• _What you need to do_: Your task is to return exactly the lines that run from the one containing "1988/89 AC Milan Home Jersey" through the end of the listing below, without any pictures.

• _Data provided_:

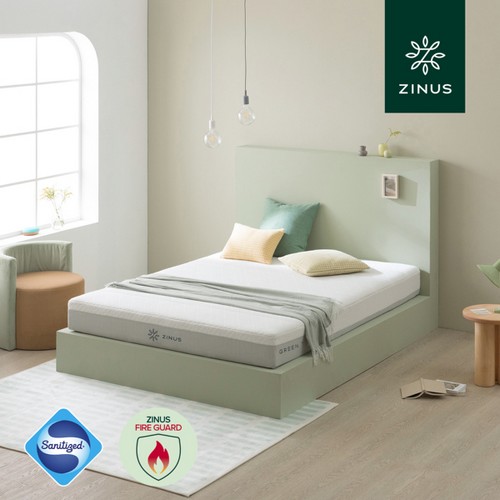 지누스 그린티 럭스 S 하이브리드 매트리스 SS (20cm)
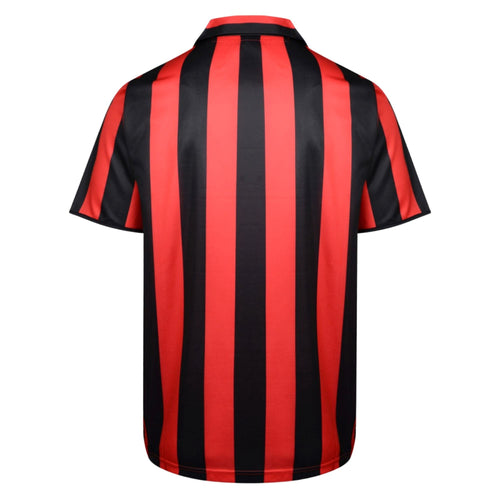 1988/89 AC Milan Home Jersey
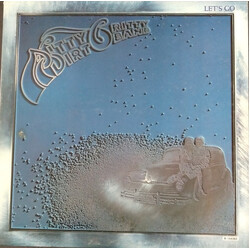 Nitty Gritty Dirt Band Let's Go Vinyl LP USED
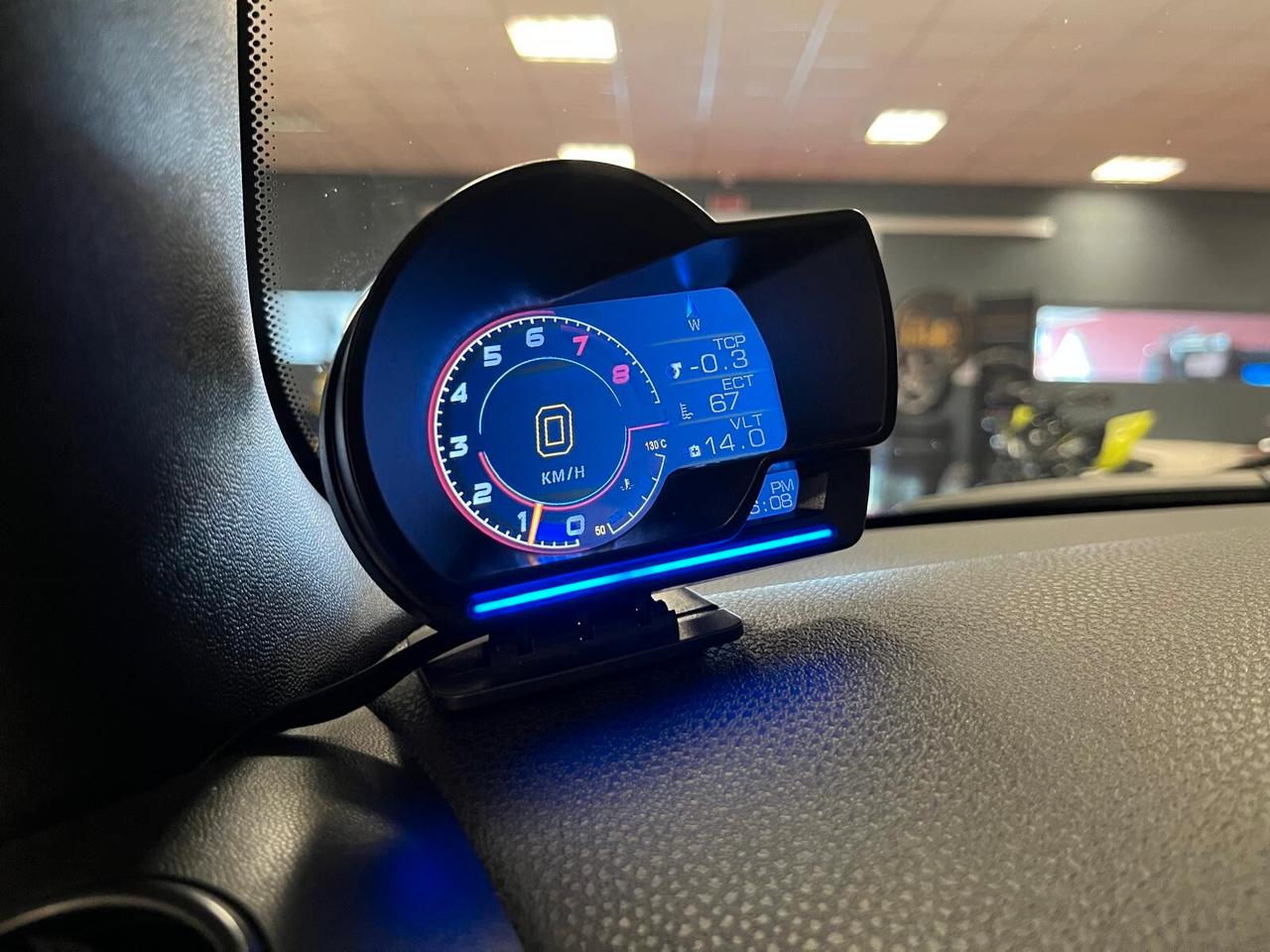 Mini 1.6 16V Cooper S allestimento JCW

• _Response area_:
 1988/89 AC Milan Home Jersey
 Nitty Gritty Dirt Band Let's Go Vinyl LP USED
 Mini 1.6 16V Cooper S allestimento JCW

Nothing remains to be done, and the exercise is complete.